» **Task to complete**: Only the stretch below from the line holding "파타고니아 산맥 로고 프린트 반소매 티셔츠 상세 이미지 47" through the line holding "ORION Deckenlampe Jitendra, dimmbar, grün, für" should be restated, word for word and with both ends included; pictures stay out.

» **Supplied data**:
^^^^^^^^^^^^^^^^

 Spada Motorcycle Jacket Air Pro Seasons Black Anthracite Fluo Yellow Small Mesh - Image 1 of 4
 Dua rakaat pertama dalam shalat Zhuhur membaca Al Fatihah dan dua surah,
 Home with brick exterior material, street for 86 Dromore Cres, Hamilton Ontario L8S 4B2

^^^^^^^^^^^^^^^^

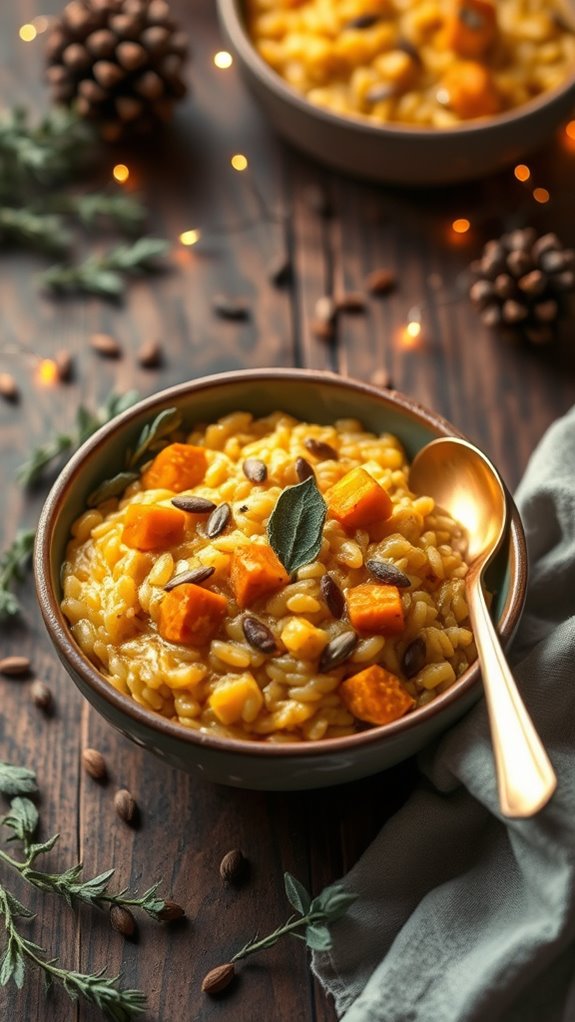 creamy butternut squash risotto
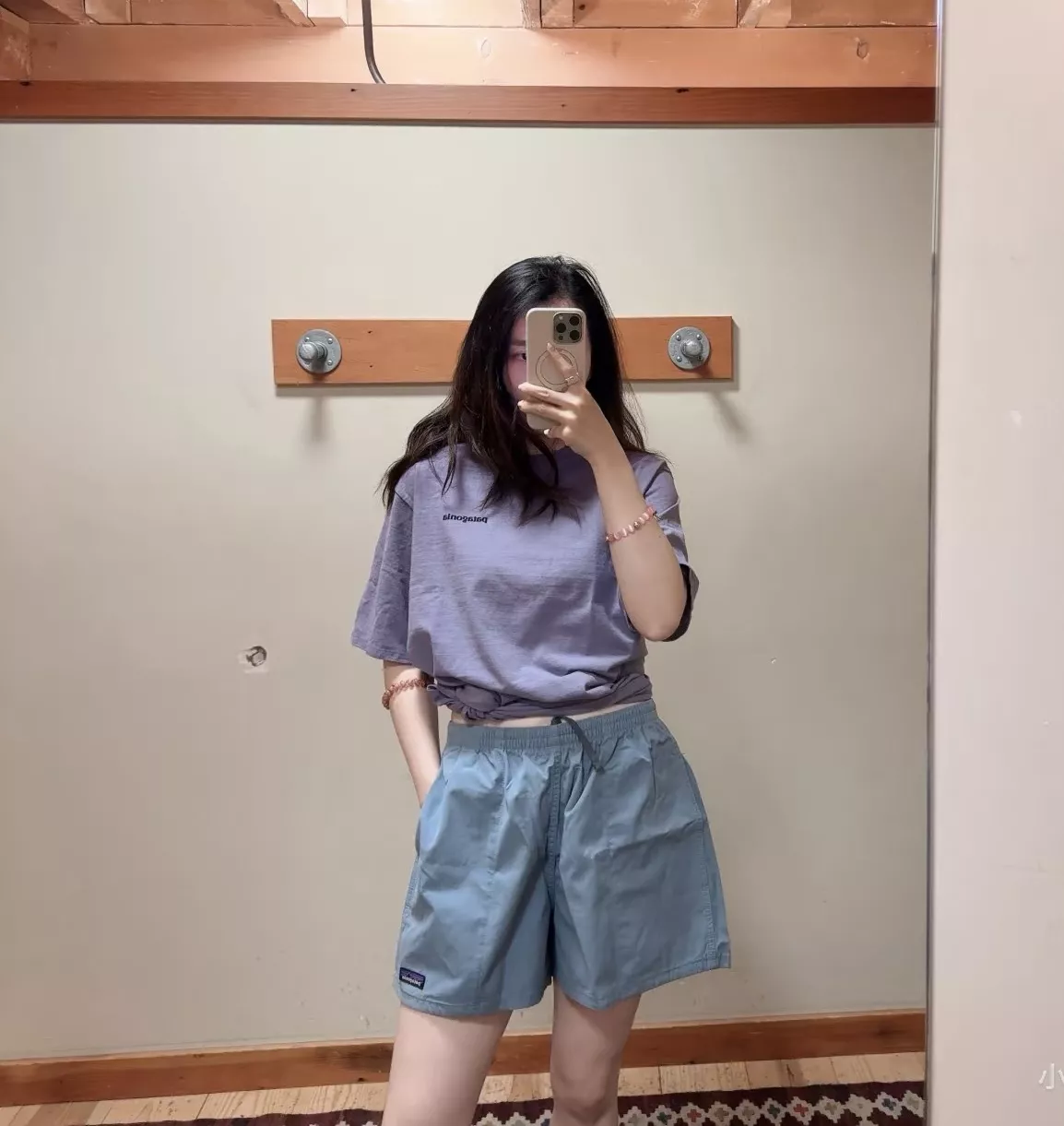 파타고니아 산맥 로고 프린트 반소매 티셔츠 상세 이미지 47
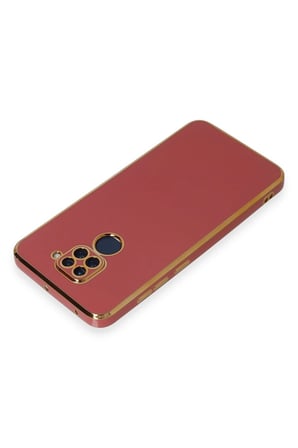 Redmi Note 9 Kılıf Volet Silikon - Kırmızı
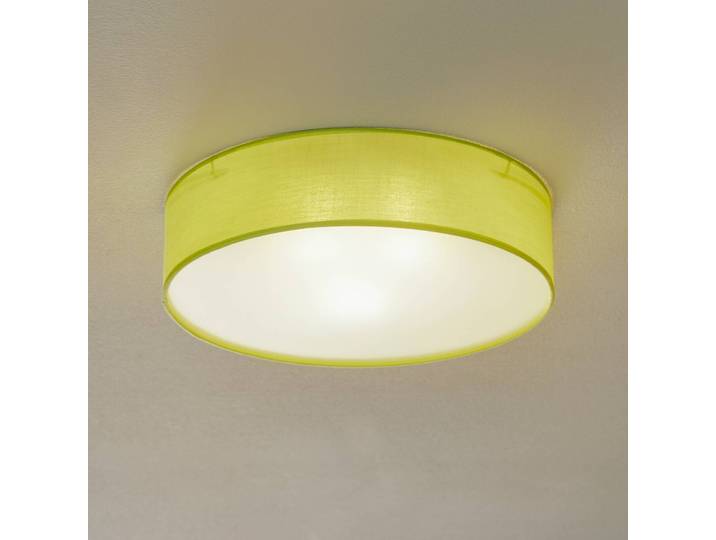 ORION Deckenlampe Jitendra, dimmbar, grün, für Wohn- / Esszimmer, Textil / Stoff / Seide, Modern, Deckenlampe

^^^^^^^^^^^^^^^^

» **Response**:
 파타고니아 산맥 로고 프린트 반소매 티셔츠 상세 이미지 47
 Redmi Note 9 Kılıf Volet Silikon - Kırmızı
 ORION Deckenlampe Jitendra, dimmbar, grün, für Wohn- / Esszimmer, Textil / Stoff / Seide, Modern, Deckenlampe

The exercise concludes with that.